Share your dilemmas and get honest opinions from other Mumsnetters.

Opinions on this scenario.

36 replies

staryrainbows · 31/07/2021 17:38

Obviously a back story to this but I just want opinions on this situation.

Parent A & B have a 2.5yr old.

Out for the day and toddler is playing up running off etc. Parent A insists toddler holds their hand, toddler has a huge meltdown and wants to hold parent Bs hand. Parent A says no, holds on to toddlers hand and the screaming crying continues. Parent B suggests toddler just hold their hand. Parent A says no.

Is parent A right that children do as they're told end of.

Is parent B right that it doesn't matter how you get to the end point as long as child is doing what's expected?

Or is there something in between.

OP posts:
KateTheEighth · 31/07/2021 22:55

No wonder your toddler doesn't want to hold his hand

Nasty bastard

Haveyoubrushedyourteeth · 31/07/2021 22:55

How old are his other children OP?

Cherrysoup · 31/07/2021 22:55

He’s a dick, OP, but you know that. Your parenting is probably backed up by book learning, but I bet you’ve spent more time with your child doing real life parenting. What makes him the expert? Does he spend time bothering to research/ask others’ opinions? (Bet he bloody doesn’t)

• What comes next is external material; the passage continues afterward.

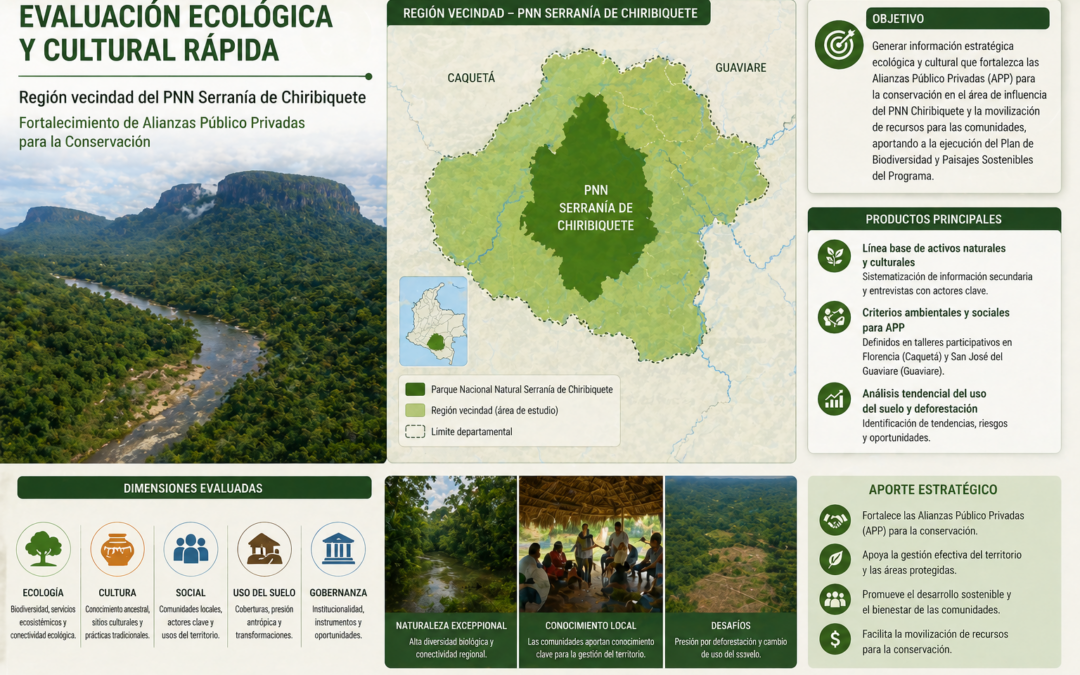 Evaluación Ex-Post de Impacto de la Estrategia de Incentivos a la Conservación del Bosque en Pie (IFA, ITPS e IFV) del Programa REM COLOMBIA II Visión Amazonía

30degreesandmeltinghere · 31/07/2021 22:57

Buy a dc backpack with reins... Ime holding a toddler's hand is a pointless battle. Your dh is a twat.

Hankunamatata · 31/07/2021 23:04

Urgh. Dh has done this. Iv come to realise that he found it hard that I was dc go to parent.

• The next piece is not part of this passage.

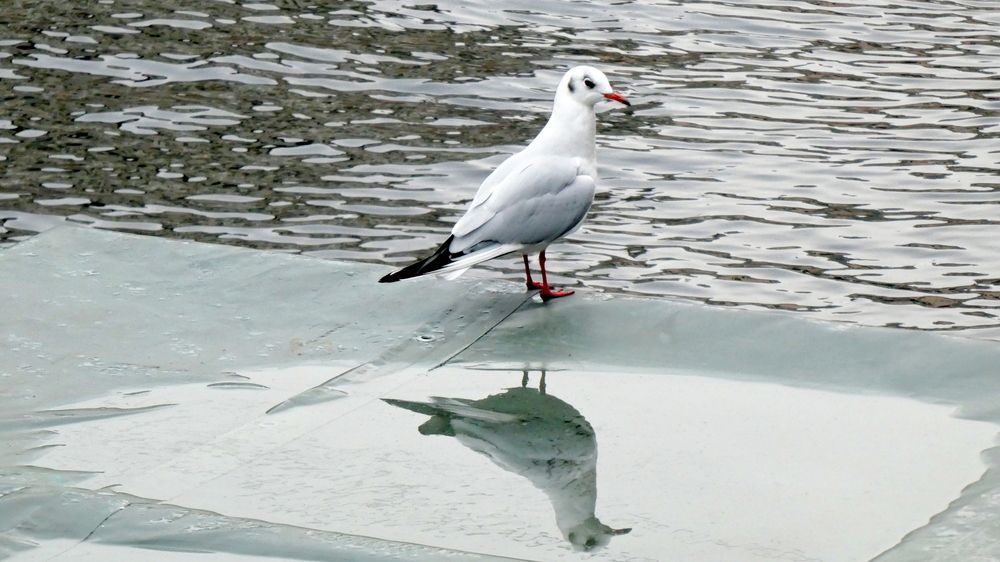 Photograph by Семкин Алексей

staryrainbows · 01/08/2021 07:47

@Haveyoubrushedyourteeth

How old are his other children OP?
There's 13 years between his youngest and ours.

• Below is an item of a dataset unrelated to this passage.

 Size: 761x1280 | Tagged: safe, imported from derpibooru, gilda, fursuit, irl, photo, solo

He isn't a terrible parent, he does his fair share of parenting and is generally really lovely and warm to him. But when his expectations of him are too high and he's too harsh when he plays up, but even if I see 10 lovely moments it doesn't make the bad ones ok.

For example we went to a family wedding recently. He expects the toddler to behave perfectly and gets angry when he doesn't. We sat for the meal and toddler wanted to get up and run around, I'd forgot to put the activities in his bag so I went to put Netflix on my phone but he said no he just needs to behave. Can't expect a 2 and a half yr old to sit still at a meal for 2 hours with nothing to do. I don't like the idea of giving him a screen but he couldn't run around and I'd not got anything else.

OP posts:
Blippibloppi · 01/08/2021 07:59

Who's hand a child holds is not a hill I'm willing to die on. Providing my child is safe that's all that matters.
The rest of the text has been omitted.